═════ The data

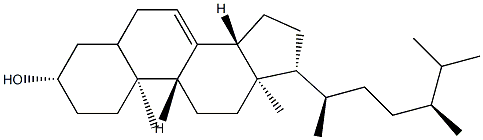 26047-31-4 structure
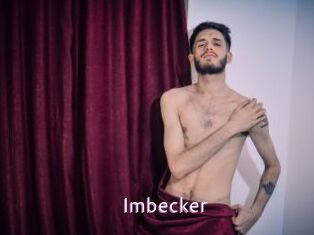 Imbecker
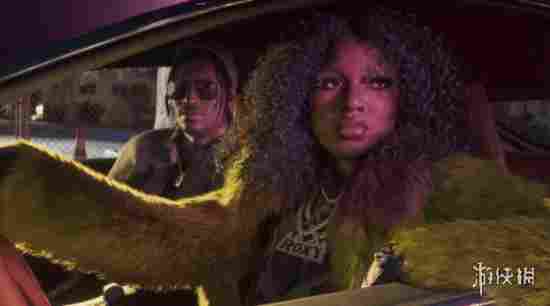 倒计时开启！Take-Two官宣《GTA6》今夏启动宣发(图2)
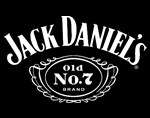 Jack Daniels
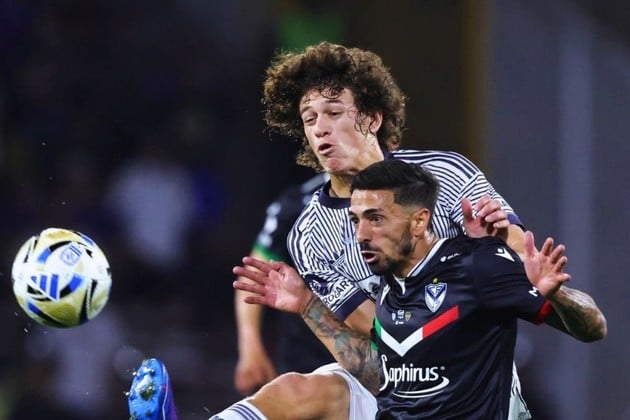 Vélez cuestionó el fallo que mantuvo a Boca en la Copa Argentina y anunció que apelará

══════════

## Problem details
Would you set down the entries exactly as given, minus their pictures?

## Result
 26047-31-4 structure
 Imbecker
 倒计时开启！Take-Two官宣《GTA6》今夏启动宣发(图2)
 Jack Daniels
 Vélez cuestionó el fallo que mantuvo a Boca en la Copa Argentina y anunció que apelará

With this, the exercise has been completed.